----- Entries shown -----
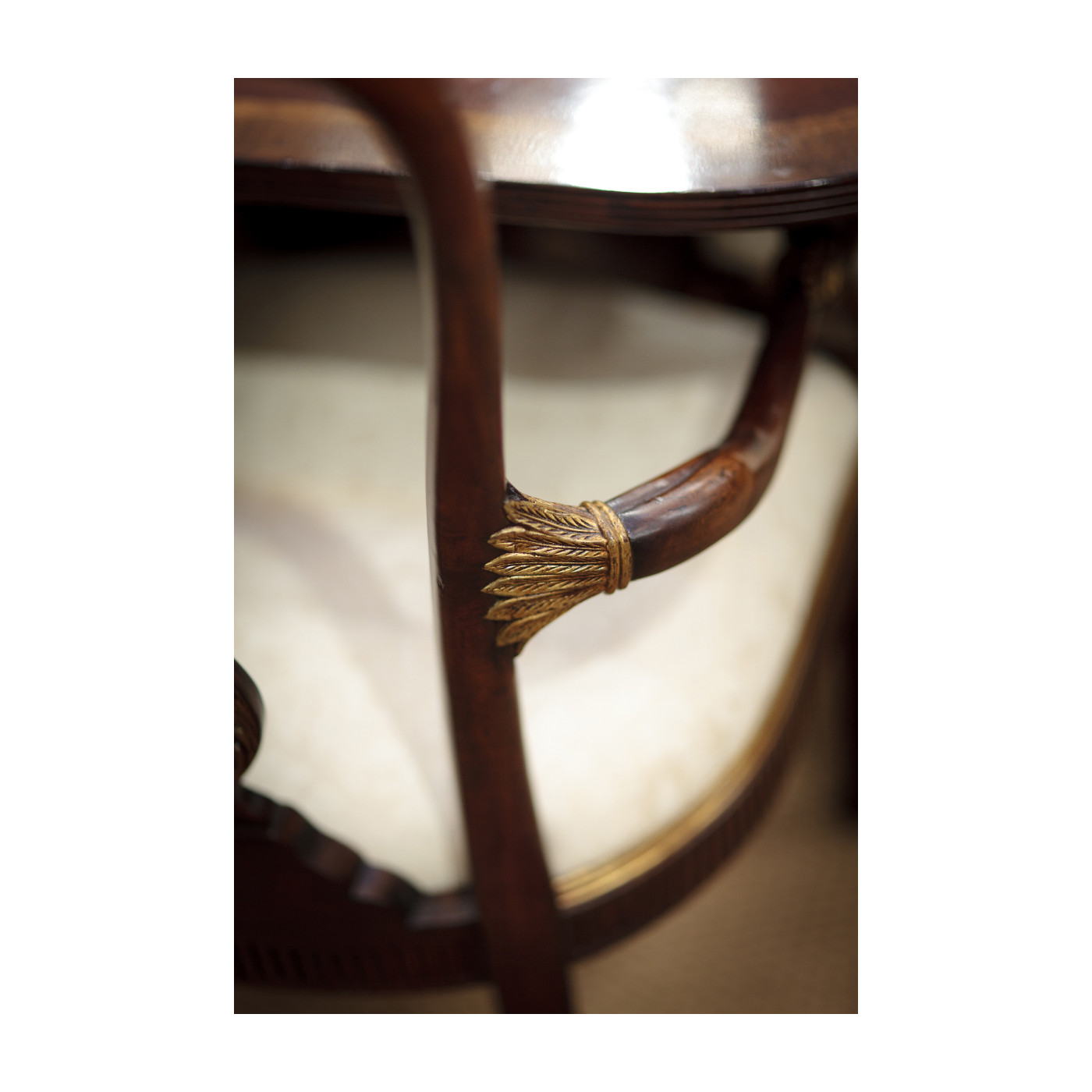 Buckingham Gilded Lyre Back Arm Chair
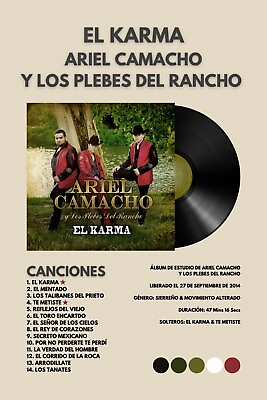 #ad El Karma Ariel Camacho Y Los Plebes Del Rancho 12x18 album custom poster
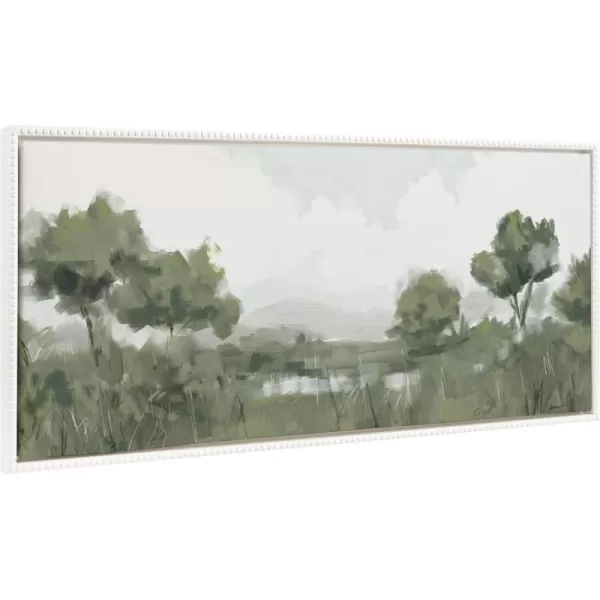 Kate and Laurel Sylvie Beaded Shades of Olive Vintage Framed Canvas Wall Art by Mary Sparrow 18x40 White Modern Abstract Tree Landscape Art for WallWhite
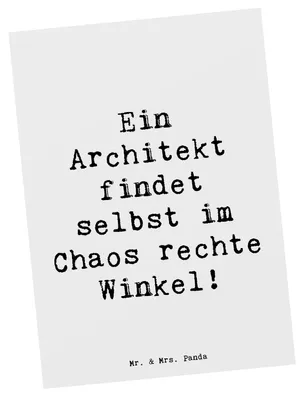 Produktbild von Mr. & Mrs. Panda Grußkarte Spruch Architekt Chaos - Weiß - Geschenk, Postkarten, Ansichtskarten, bildkarte, Ansichtskarte, Postkarte, Fotokarte, Gebäudegestalter, Beruf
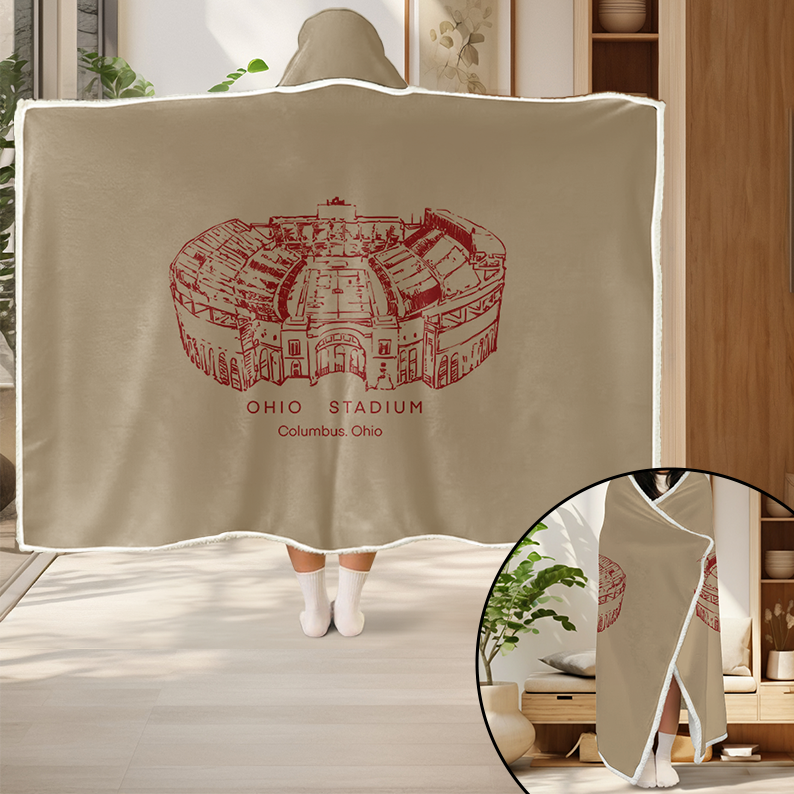 Personalized Ohio Stadium Sport Hooded Blanket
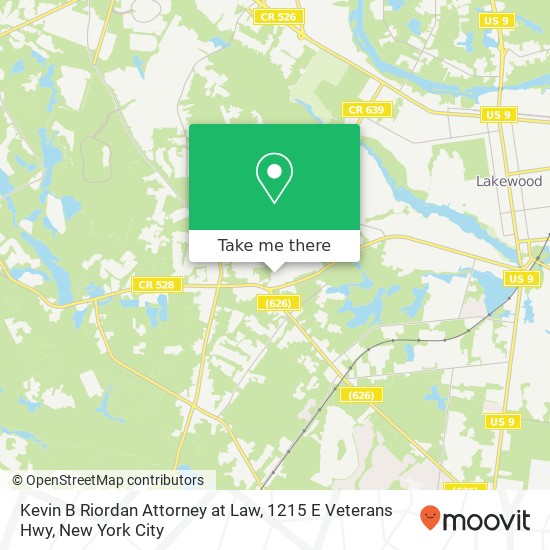 Kevin B Riordan Attorney at Law, 1215 E Veterans Hwy map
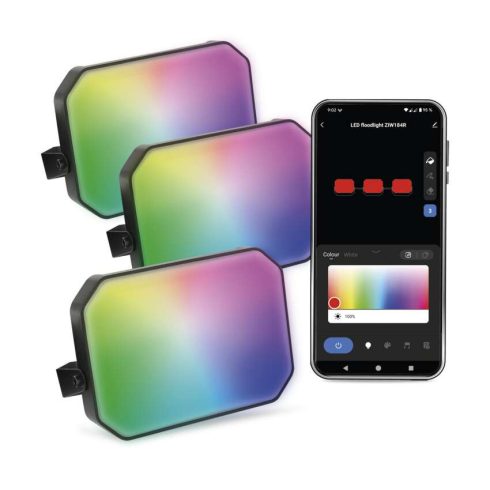 GOSMART kültéri reflektor induló szett (3 db), 14 W, 3000-6500K, 990lm, IP65, fekete, F               ZIW184R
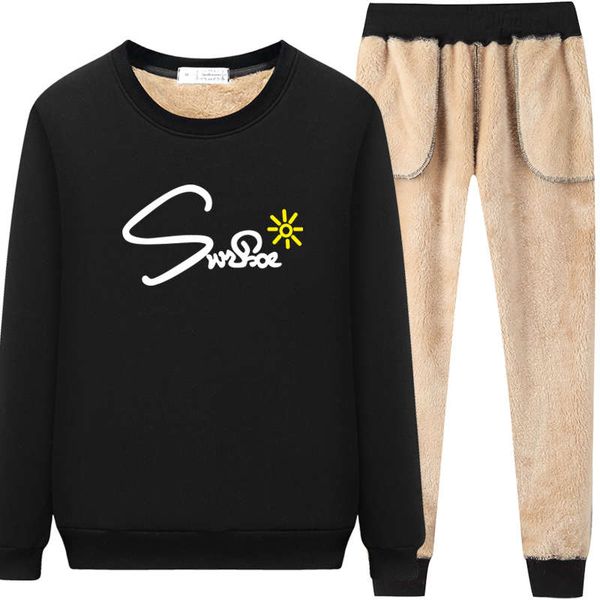 vipautumn and winter pure cotton sports plush thickening new casual two-piece suit, Gray 
vipautumn and winter pure cotton sports plush thickening new casual two-piece suit, Gray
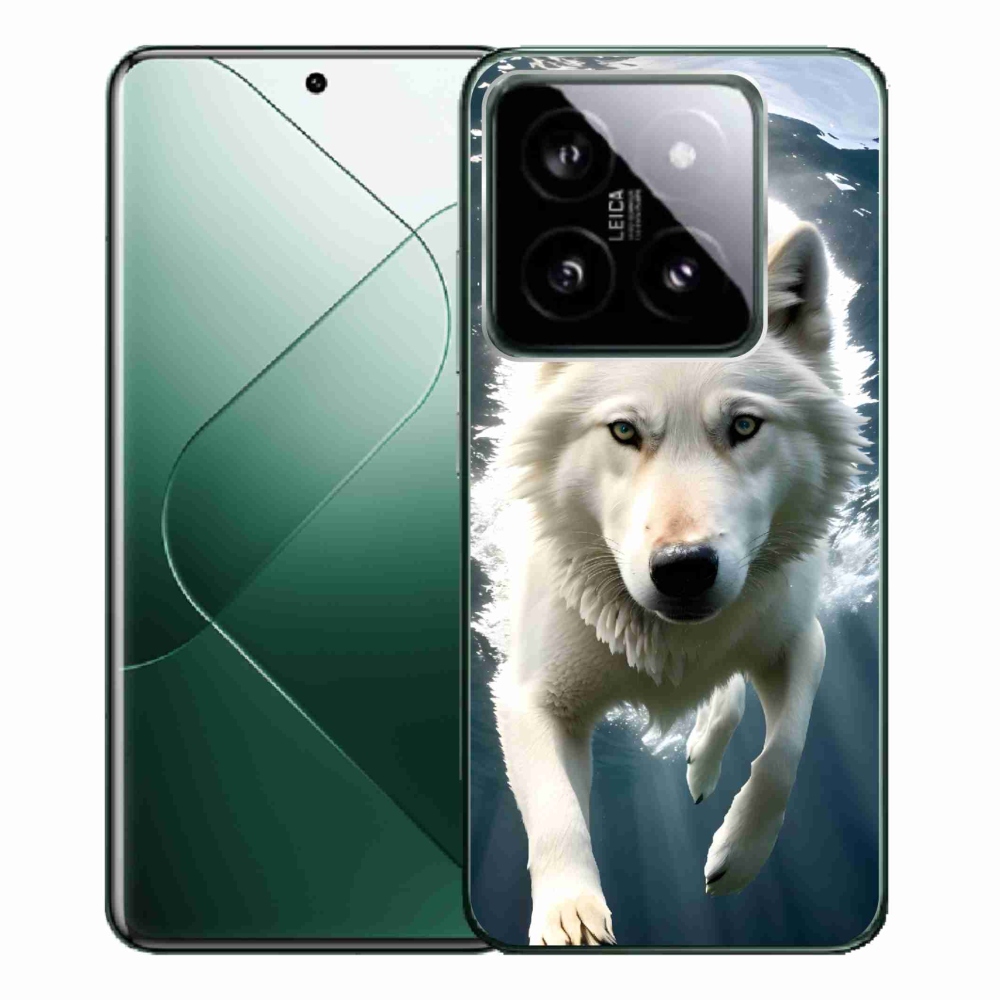 Gél borítás mmCase a Xiaomi 14 Pro-hoz - fehér farkas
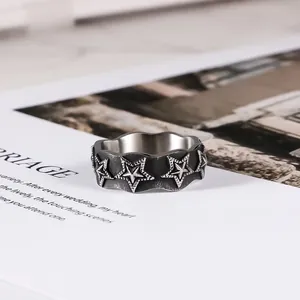Vintage distressed titanium steel ring featuring embossed star patterns and finish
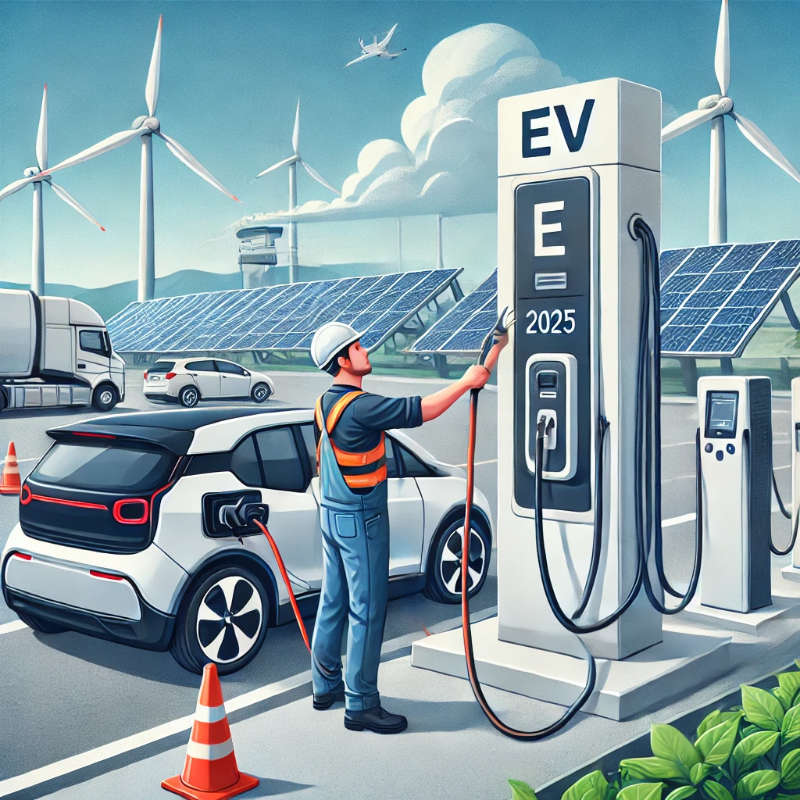 Electrical contractor installing an electric vehicle charging station at a highway rest stop, powered by renewable energy sources like solar panels and wind turbines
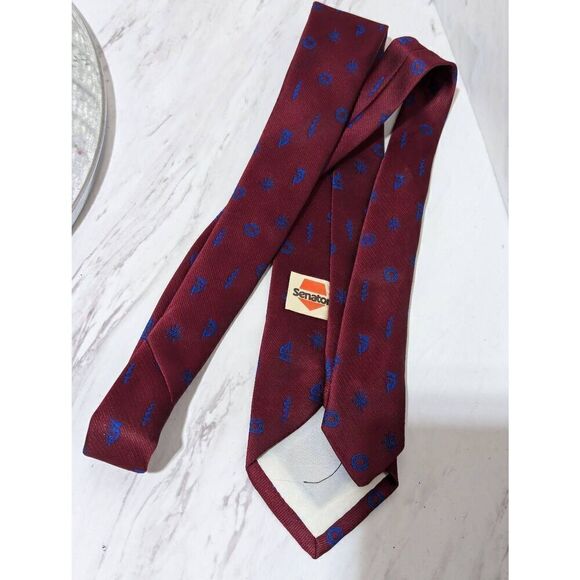 Senator Vintage Men's Red & Blue Science Pattern Polyester Tie - Picture 4 of 6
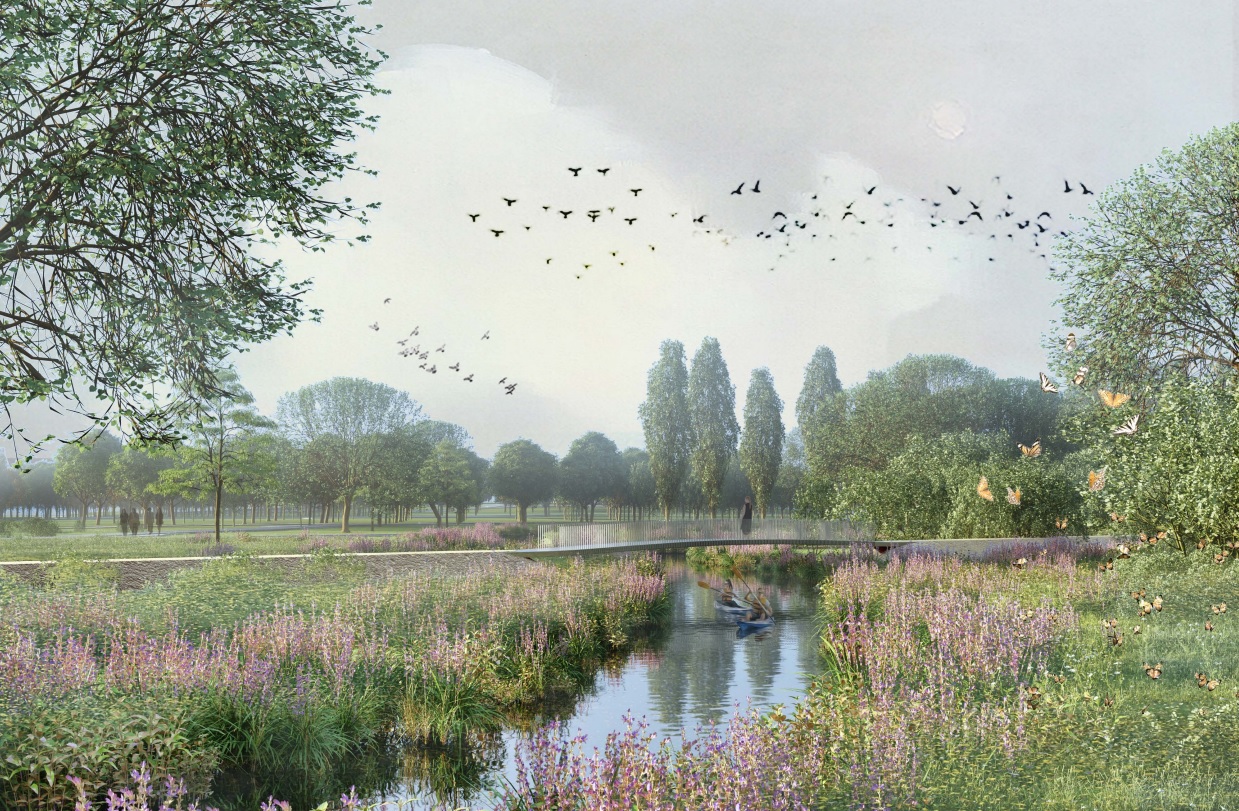 Primăria Cluj-Napoca va primi bani de la bugetul de stat pentru amenajarea Parcului Est. FOTO: Randare proiect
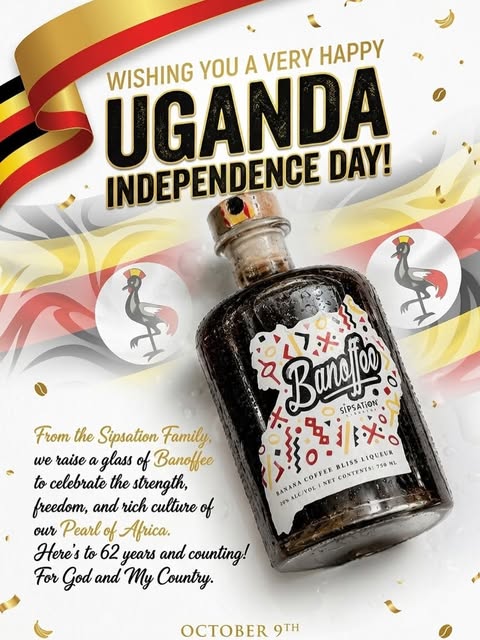 Banoffee bottle with Ugandan flag colours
-----
(Task objective) Give every line above again exactly, omitting whatever pictures appear.

(Output)
 Buckingham Gilded Lyre Back Arm Chair
 #ad El Karma Ariel Camacho Y Los Plebes Del Rancho 12x18 album custom poster
 Kate and Laurel Sylvie Beaded Shades of Olive Vintage Framed Canvas Wall Art by Mary Sparrow 18x40 White Modern Abstract Tree Landscape Art for WallWhite
 Produktbild von Mr. & Mrs. Panda Grußkarte Spruch Architekt Chaos - Weiß - Geschenk, Postkarten, Ansichtskarten, bildkarte, Ansichtskarte, Postkarte, Fotokarte, Gebäudegestalter, Beruf
 Personalized Ohio Stadium Sport Hooded Blanket
 Kevin B Riordan Attorney at Law, 1215 E Veterans Hwy map
 GOSMART kültéri reflektor induló szett (3 db), 14 W, 3000-6500K, 990lm, IP65, fekete, F               ZIW184R
 vipautumn and winter pure cotton sports plush thickening new casual two-piece suit, Gray 
vipautumn and winter pure cotton sports plush thickening new casual two-piece suit, Gray
 Gél borítás mmCase a Xiaomi 14 Pro-hoz - fehér farkas
Vintage distressed titanium steel ring featuring embossed star patterns and finish
 Electrical contractor installing an electric vehicle charging station at a highway rest stop, powered by renewable energy sources like solar panels and wind turbines
 Senator Vintage Men's Red & Blue Science Pattern Polyester Tie - Picture 4 of 6
 Primăria Cluj-Napoca va primi bani de la bugetul de stat pentru amenajarea Parcului Est. FOTO: Randare proiect
 Banoffee bottle with Ugandan flag colours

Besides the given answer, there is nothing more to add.